Field Report: The Price of Freedom
7 June 2022
A Personal Reflection from FBR Team Member
Jue Aung sat off by himself when I came into the room. There were five other men who all gave polite smiles when I greeted them, but not Jue Aung. He tried his best to avoid making eye contact with me and he wouldn’t smile. He looked sad. He allowed sadness to cover his face in the particular way that an eighteen-year-old seems to know how to do better than anyone else. Jue Aung is missing half of his left leg; it was blown off by a landmine on 10 February 2022. He, and the five other Karenni men here who suffered similar injuries, now sit and wait for their stumps to heal well enough to have prosthetics fitted. We visited them where they are waiting and healing: Jue Aung, Francis, Michael, Day Reh Htoo, Aung Thaung and Aung Thu – six young men whose lives have been forever changed by their fight for freedom.
I was there the morning of 10 February, with Jue Aung, Michael and Francis, in Demoso, Karenni State. It is a morning that I will never forget, like Jue Aung, Francis, and Michael will never forget.
Francis, who used to be a fireman before the coup, now is a soldier in the Karenni National Defense Force (KNDF) Battalion 1. That morning they were going to attack the Burma Army camp and were in very heavy fighting and being mortared. It was around 9:30 a.m. when Francis stepped on a Burma Army landmine. Nowadays it seems sometimes there are more mines than people in Demoso. The FBR team there evacuated him under fire and FBR medics treated him and saved his life that morning. He lost his right leg just below the knee and a great deal of muscle around his hamstring. He is 26 years old.
Not long after Francis stepped on a landmine, Michael, a 23-year-old soldier assaulting from a different part of Demoso, came under heavy mortar fire. One mortar landed beside Michael and the shrapnel sliced his left leg off and mangled his right leg. His left leg is now gone from the mid-thigh down.

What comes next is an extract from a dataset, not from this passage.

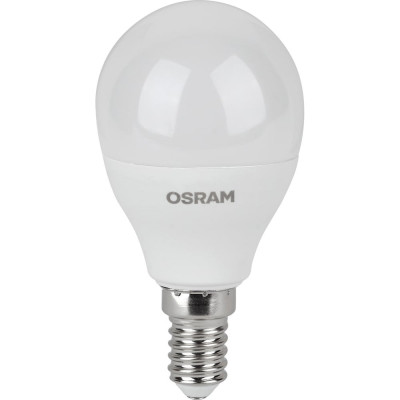 Светодиодная лампа OSRAM LED Value P E14 800лм 10Вт замена 75Вт 6500К холодный белый свет 4058075579774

18-year-old Jue Aung was a high school student before the coup but as the military took over, he wanted to do something to stand against the dictators and fight for freedom in his land. He joined the KNDF and chose to be a medic; he got a few weeks of medic training before going to the front line. That morning he ran in to help Michael as the bullets were flying and Michael was at risk of bleeding out. As he made his way through the hail of bullets, he, too, stepped on a hidden Burma Army mine, becoming a casualty himself. As he lay on his back, looking up at the sky, blood coming out from his leg, he said his mind felt numb. With his bloody hand, he reached up and clung to the rosary that was around his neck.

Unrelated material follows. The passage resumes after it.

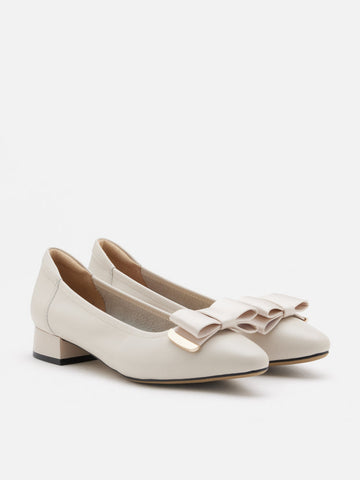 Elaia Point-Toe Bow Buckle Heels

Aung Thaung, the oldest of this group of amputees, is 30 years old. He lost his left foot on 20 November 2021. The Burma Army came and ambushed his KNDF camp, forcing them to temporarily flee. When they regrouped, they pushed the Burma Army back but Aung Thaung soon found out that the Burma Army had laid mines all around their camp. He stepped on one and lost his foot.

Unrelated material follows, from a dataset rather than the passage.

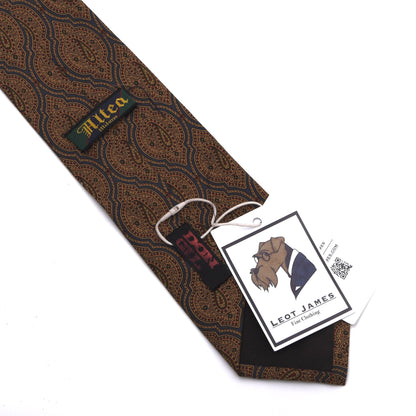Vintage Altea Ancient Madder Silk Tie Made in Italy - Red/Gold Paisley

Day Reh Htoo used to be a farmer. This 21-year-old who lived outside of Loikaw used to help his father plant and harvest rice. When his family was forced to flee, and his rice field became the trenches and bunkers of the front line, he too joined the resistance, trying to fight back so he could get his land back. “I just want a simple life,” he told me. On 21 February 2022, he was assaulting a Burma Army camp only a few minutes’ drive from his home; there he stepped on a landmine and lost his right leg just below the knee.
Finally, there is Aung Thu, who has a wonderful toothy smile that he has no business sharing as often as he does, considering his left leg is missing from below his knee. He was holding the front line outside of Loikaw when a Burma Army mortar landed near him. He had been sitting with his friend when the Burma Army started mortaring them. They both dove for cover when the rounds impacted, but both were hit. His friend was killed by the shrapnel, and Aung Thu lost his leg. As he reflects on the day, I can see him watching the memory in his mind as he gazes off into the distance. “I only wish I could have saved my friend,” he says.
The story of these six is sadly a common one in Karenni State. These young people have given their limbs and lives out of desperation for freedom, and thousands more continue to take the same risks every day. Francis said to me, “I was doing my duty that morning. I didn’t want to lose my leg, but I knew it was a possibility because the risks are so high. I accept what happened to me and when I heal, I will go back to my battalion and keep fighting the Burma Army.”
These six men are heroes. Their lives will never be the same again. But their hope for freedom was not lost when their legs were. They want to go back and keep helping their people. They want to get rid of the Burma Army and the dictators. They want freedom, and have paid a heavy price for it.